Coudot was questioned as to whether Black Hawk and Defender, the other two suspects, were concerned in the crime, and it is reported that he answered in the affirmative. He was then strung up, and after him Holytrack and Ireland, already unconscious from the rough treatment they had received.

The bodies were left swinging in the air and the lynchers went to their horses and rode away as quietly as they had come. The night was a bright moonlight one, and a few of the inhabitants of the village were on hand at the windlass to witness the execution. No effort was made at interference, and the bodies were left hanging until noon, when the coroner reached the village.

The immediate circumstance which led to the lynching was a decision rendered by the State Supreme court last week which granted a new trial for Alexander Coudot, who had been tried and convicted. Further than this, the Supreme court so riddled the case of the prosecution that it was acknowledged by the prosecuting attorneys that it would be impossible to secure a conviction of any of the suspects.
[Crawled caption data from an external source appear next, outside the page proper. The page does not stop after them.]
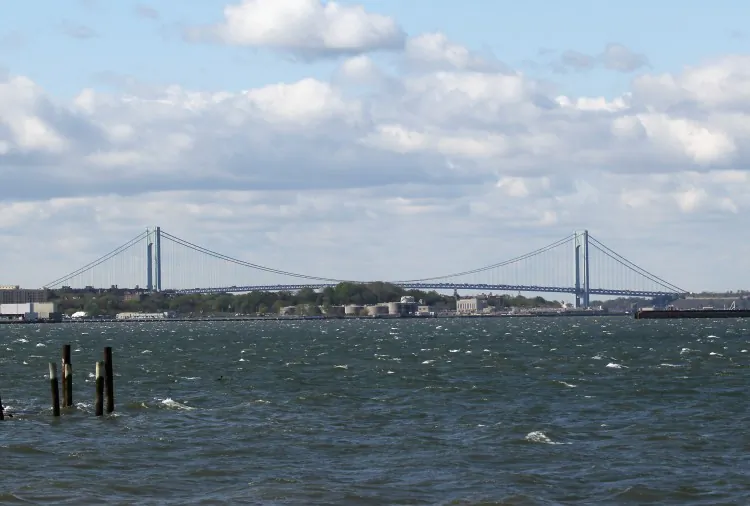 A general view of the Verazzano Narrows Bridge as photographed on April 27, from the Red Hook section of Broooklyn, New York. (Bruce Bennett/Getty Images)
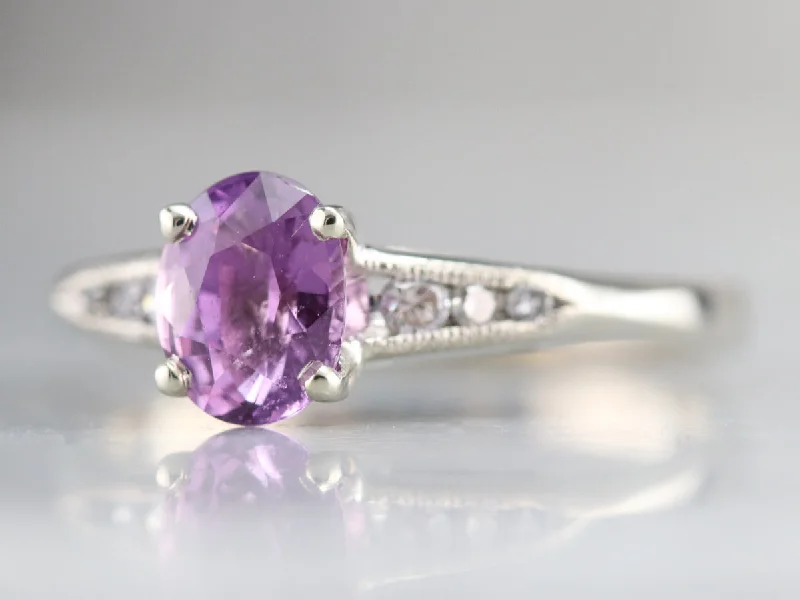 Retro Pink Sapphire and Diamond Ring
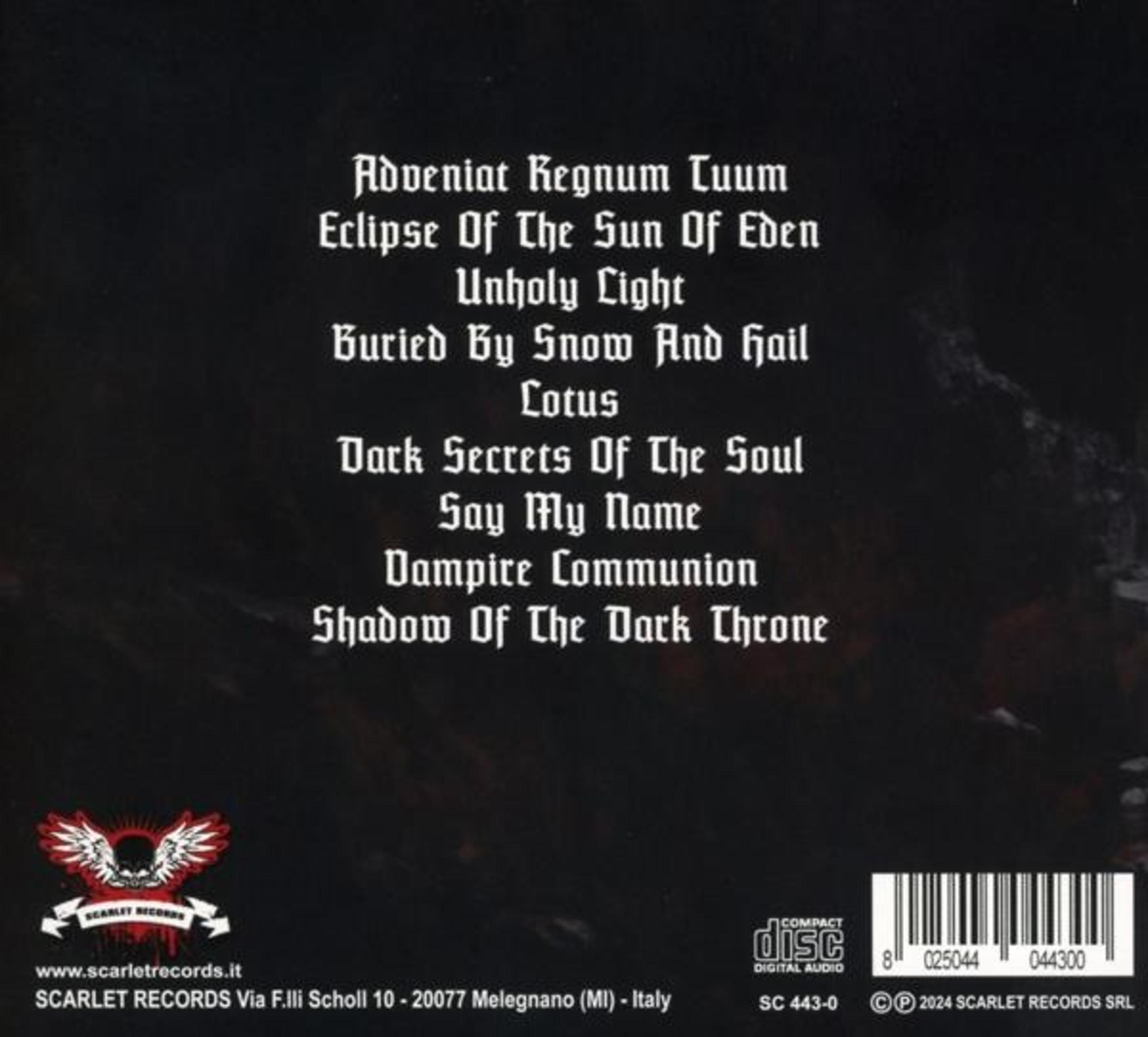 Copertina dell'album con un elenco di canzoni, il titolo è 'Adveniat Regnum Tuum'. Logo Scarlet Records in basso.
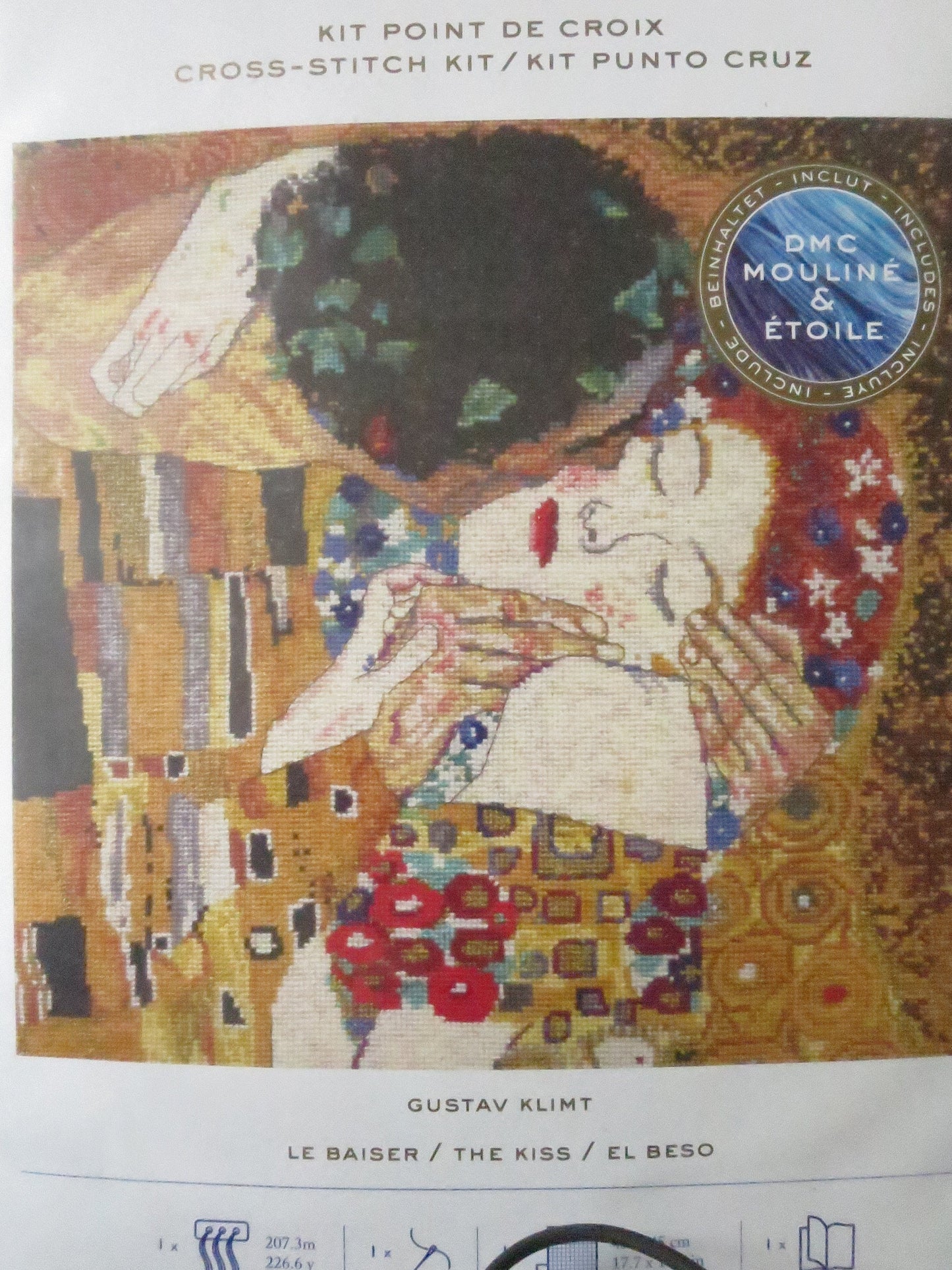 Gustav Klimt- The Kiss Cross Stitch Embroidery Kit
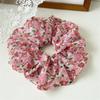Girl Soft Flowers Printed Chiffon Hair Scrunchies Fabric Ponytail Holder Hair Accessories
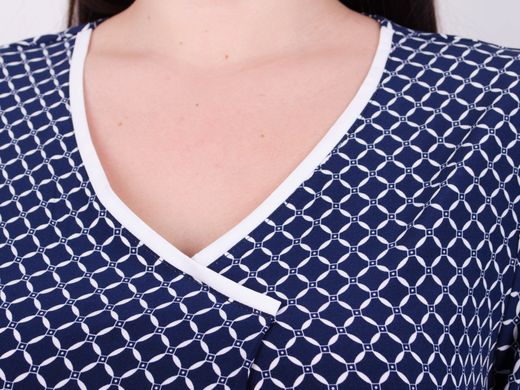 Леона принт. Стильна блуза великих розмірів. Синій. 485139074 фото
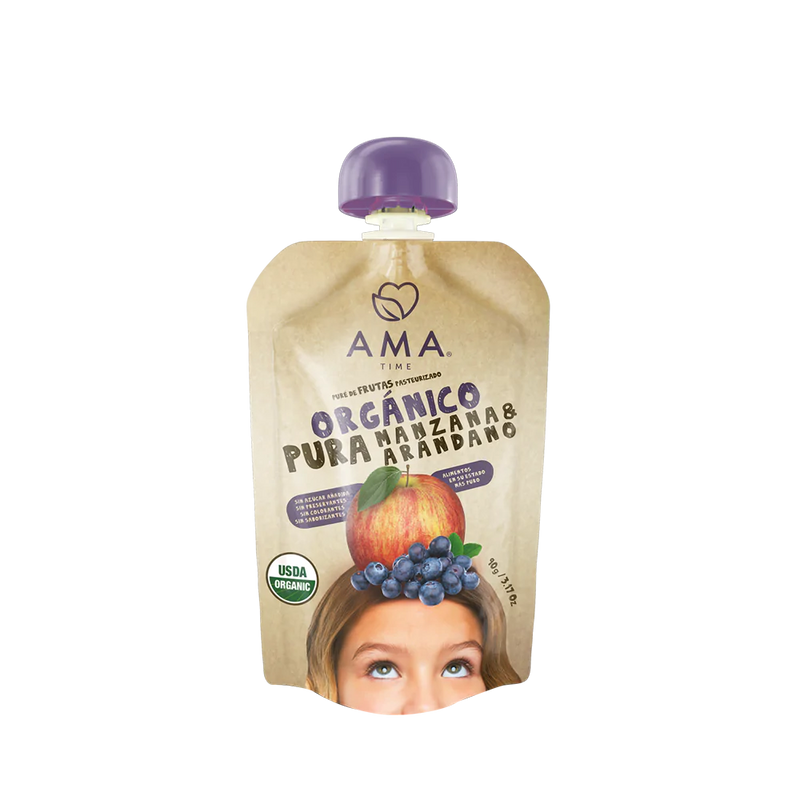 Puré manzana arándano orgánico 90g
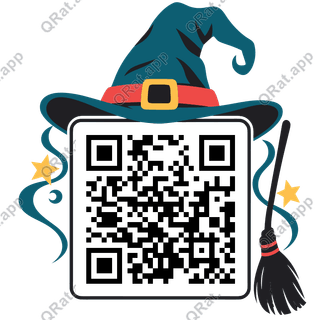 Witch Hat artwork with a customizable QR code area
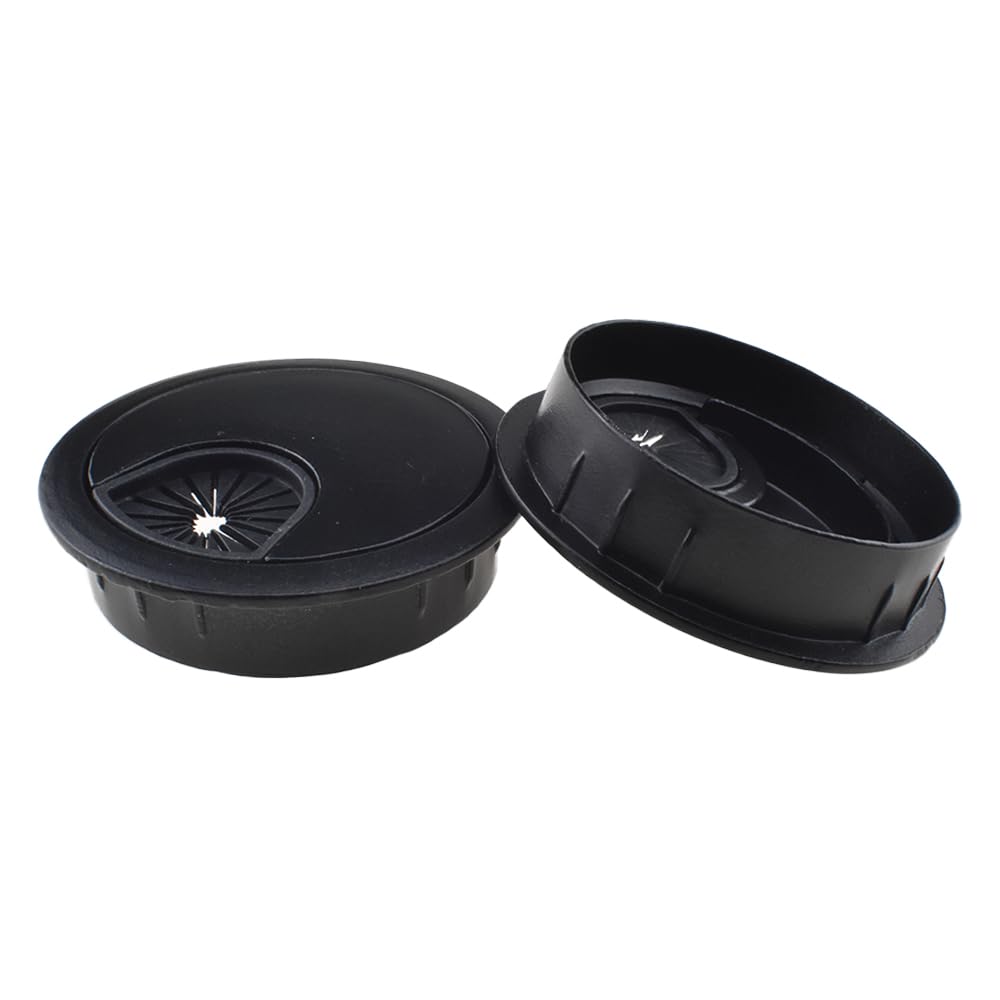 HAHIYO 2Pcs 2Inch/50mm Black Zinc Alloy Desk Grommet Wire Grommet Cable Management Cord Hole Cover Desk Wire Hole Insert Wire Organizer for Computer Office Home School Equipment Systems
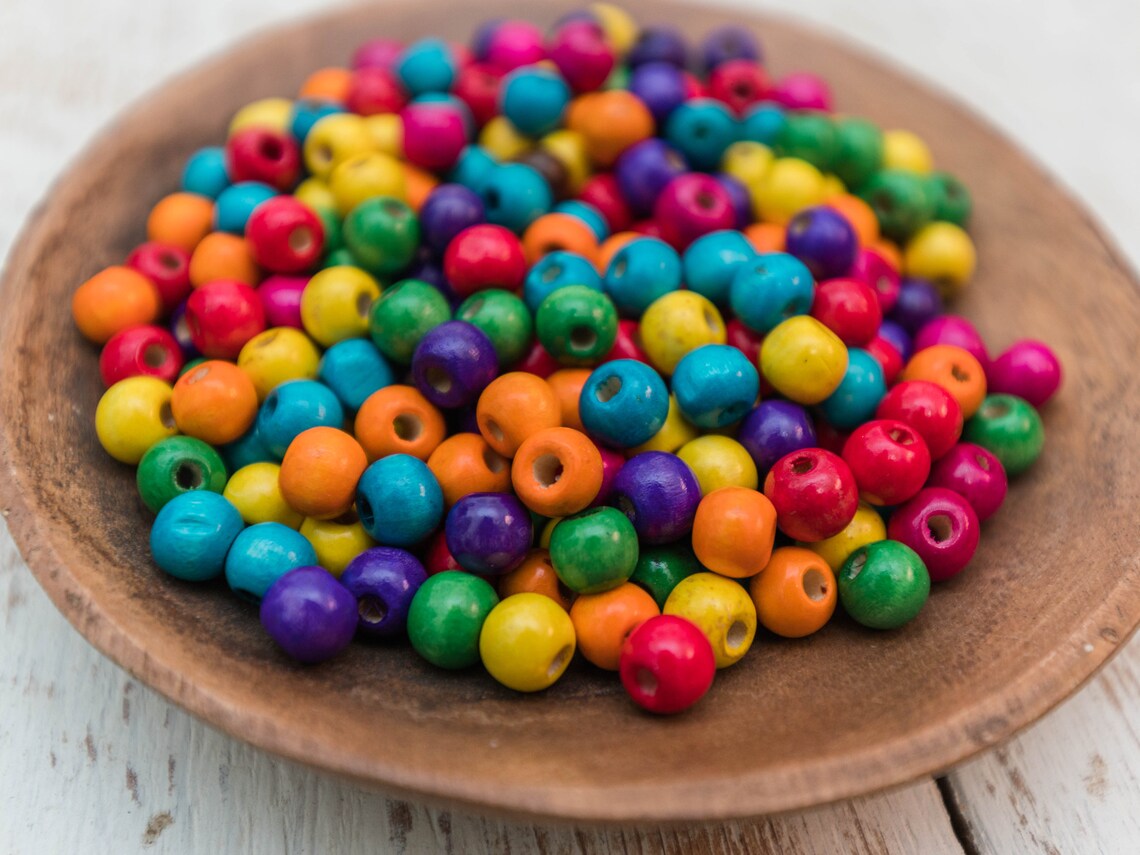 50 Round Painted Wood Beads 10mm 2mm Hole Mix Color Wooden Etsy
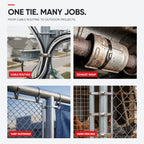 DAFONSO stainless steel cable ties used for cable routing, exhaust wrap, tarp fastening, and farm fencing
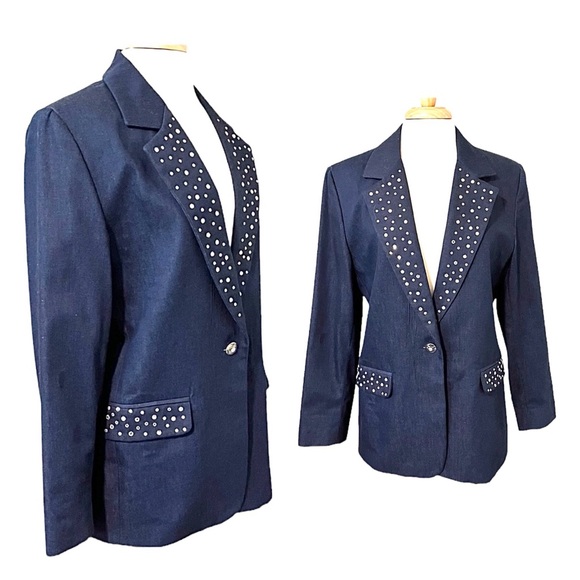 Denim and Rhinestone Tailored by Harlan Blazer - Picture 2 of 12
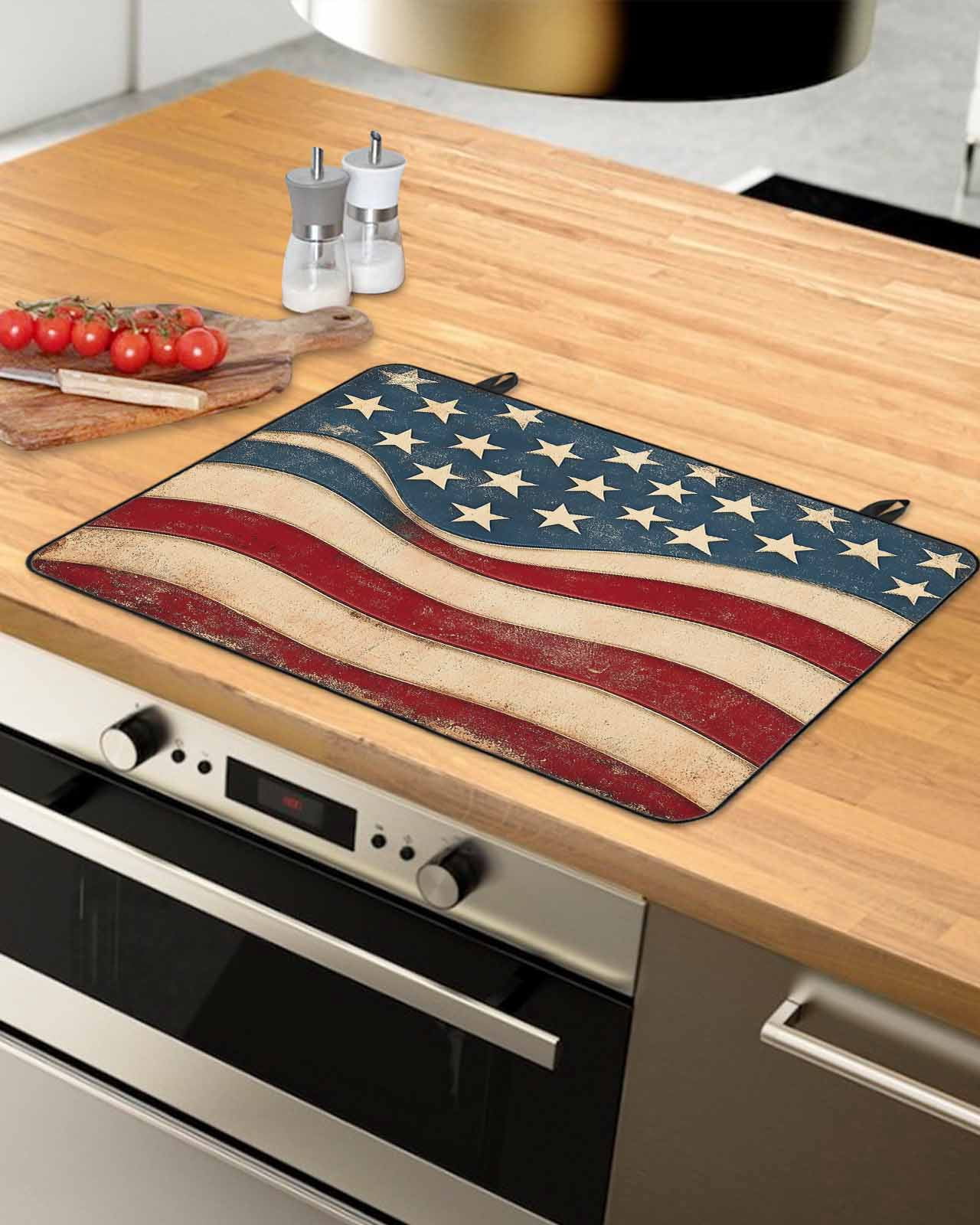 nqOlkjepod Large Induction Cooktop Protector Mat 24"x21", Vintage American Flag Stove Top Covers for Electric Stove, Blue Red White Star US Flag Stove Burner Cover Mats, Glass Top Stove Cover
On Feb. 17. last a passer-by, entering the house of Rev. Thomas Spicer, a Methodist circuit rider, discovered the dead body of Spicer's mother-in-law, Mrs. Waldron, lying upon the floor of the parlor horribly mutilated. Passing to another room, he found the body of Mrs. William Rouse, a daughter of Spicer, also dead, with her twin baby boys brutally murdered, their brains having been dashed out, a Mrs. Rouse having been killed with a club. At a barn was found the body of Mrs. Spicer, likewise horribly mutilated, she having been shot and afterward stabbed with a pitchfork, her breast being filled with wounds, and her head crushed with an ax. Inside the barn was the body of Thomas Spicer, who had been shot through the back with a shotgun, and his throat cut from ear to ear. The crime created most intense excitement and indignation.

For some time there was no clew to the murderers, but the officers finally arrested an Indian half-breed, named Coudot, and a negro half-breed named Black Hawk, upon suspicion of having been concerned in the crime. Not long afterward rings and some jewelry that had disappeared from the Spicer house at the time of the murder were found in the possession of a young full-blooded Indian, Paul Holytrack, and he, with a companion, Phillip Ireland, was arrested. After having been confined in jail for several days the boys made a complete confession of the crime, implicating Black Hawk and an Indian named George Defender. All of the men were arrested.

Prior to the trial Coudot made an attempt at suicide by stabbing himself with a knife. Coudot also made a statement in which he accused Black Hawk of the crime. The trials of the men were begun at Williamsport last July. The young Indians went on the stand and recited the story of the murders, a narrative so horrible as to sicken every hearer. The trial lasted three weeks, and at its conclusion Coudot was found guilty and punishment was fixed at hanging. The appeal to the Supreme court followed, and the other cases were postponed until the first case was decided. The principal ground for the appeal was that there was not sufficient corroborating testimony in the story of the accomplices, Holytrack and Ireland, under the law, in that no conviction for murder could be had on the uncorroborated testimony of accomplices. The state maintained that it had presented enough corroborating testimony to warrant a conviction, but in the opinion of the Supreme court not a single feature of the corroborating testimony of the state came within the requirement of the statutes.

There had been great indignation in Emmons county over the frightful murder from the first, and threats of lynching had been made at various times. In fact, the authorities saved the lives of the Indians at the time the crime was committed, only by guarding them with strenuous care and persuading the enraged friends of the murdered family that a speedy trial, conviction, and execution would be secured. The decision of the Supreme court again led to a determination that the murderers should expiate their crime, with result as given.

Thank you for joining me, and as always, I hope I leave you with something to ponder.